At 330, the powered device 100 determines that the modulated drive signal has a duty cycle and frequency corresponding to the selected current setting of the current to be provided to the DALI 110. For example, the microprocessor 205 may generate the modulated drive signal as a PWM signal. At 335, the PWM signal drives the diode of opto-isolator 215 to conduct at the corresponding duty cycle and frequency. Through the voltage reference 220, resistors 225, 230, capacitor 235, and buck converter 240, current may be provided to the DALI110 (e.g., via the negative DALI port 245) at a selected current value that is greater than 0 but less than the maximum current value.

Example embodiments provide devices, systems, and methods for dynamically selecting a current setting for power to be provided to a load via DALI. The current setting selection mechanism according to an exemplary embodiment performs a first operation of turning on or off a current to the DALI using an activation driving signal or a second operation of supplying a current to the DALI at a selected current value using a modulation driving signal. The modulated drive signal may be configured as a PWM having a duty cycle and frequency corresponding to the selected current value.
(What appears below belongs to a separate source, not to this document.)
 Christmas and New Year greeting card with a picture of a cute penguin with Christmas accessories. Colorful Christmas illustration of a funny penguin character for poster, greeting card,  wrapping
Those skilled in the art will appreciate that the above-described exemplary embodiments may be implemented in any suitable software or hardware configuration or combination thereof. In another example, the exemplary embodiments of the methods described above may be embodied as a computer program product comprising lines of code stored on a computer readable storage medium that are executable on a processor or microprocessor. For example, the storage medium may be a local or remote data store compatible with or formatted using any of the above-described operating systems for storage operations.

It will be apparent to those skilled in the art that various modifications can be made in the present disclosure without departing from the spirit or scope of the disclosure. Thus, it is intended that the present disclosure cover the modifications and variations of this invention provided they come within the scope of the appended claims and their equivalents.